Looking down to text, rolling through the light instead of stopping, and tailgating the car in front so closely that it’s impossible to stop when the vehicle in front stops are acts falling below the “reasonably prudent person” standard.
Negligence exists where conduct creates an unreasonable risk of harm. A person acts negligently when their actions depart from that of a reasonable person. This spells negligence.
Accidents rarely happen without liability. Where drivers exercise reasonable care chances of crashing are miniscule. More often, two motor vehicle operators are both negligent and it is the legal system’s job to apportion fault.
Split second actions often underly negligence. Drivers accelerate to “beat the light”, barging into the intersection after the indicator flashes red. Other split second negligence includes weaving in and out of lanes without checking and “jumping in” from an entrance ramp rather than waiting. Little or no thought underlies such conduct but it spells breach of duty when it causes an accident.
The dismissive approach to deem certain events “just an accident” usually hides a refusal to face factors that underlie a negligence determination.

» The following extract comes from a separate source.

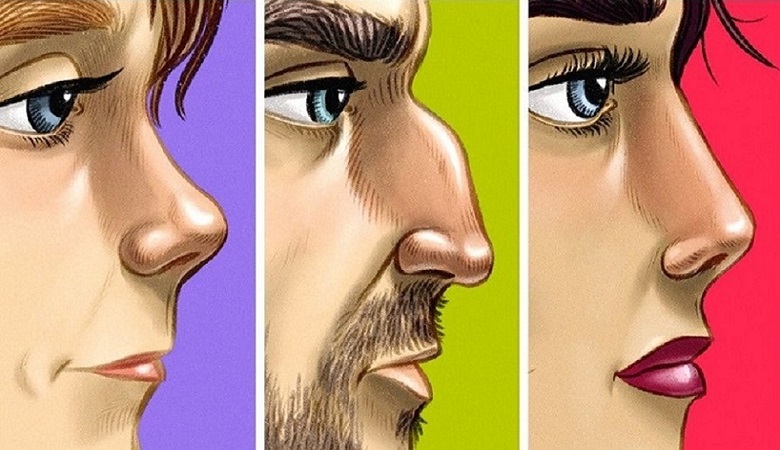 ارتباط جالب فرم بینی با خصوصیات اخلاقی افراد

Negligence should be separated from violation of law. More and more states are considering and passing laws against texting while driving. But, a regulation is not required to find negligence. Violation of a regulation brings a fine and sometimes can be used as evidence of negligence. But, even without such laws, anytime a driver drives inattentively, distracted by the CD player, eating, texting, chatting on the phone or otherwise not driving in full control, the negligence formula is completed.
Sure enough, running a stop sign is negligence. But blatant violation of driving regulations is not required to find negligence. Even without specific laws against texting, cell phoning eating or applying makeup while driving, where a motor vehicle operator’s attention is diminished by anything causing an accident, fault is established.
Negligence by definition is not intentional conduct, but conduct that breaches a duty to others, and therefore causes harm. All motor vehicle operators have a duty to operate a vehicle safely from the moment the engine is started. Breaching that duty by inattention, distracted driving or otherwise completes the negligence formula where others are injured.
I’ve represented a rear seat passenger injured when the driver and front seat passenger fought over controlling the CD player. Another client was rear-ended by a driver so engaged on the cell phone they were looking down and not at traffic. Yet another time the driver and front seat passenger were … well let’s just say they should have “gotten a room.”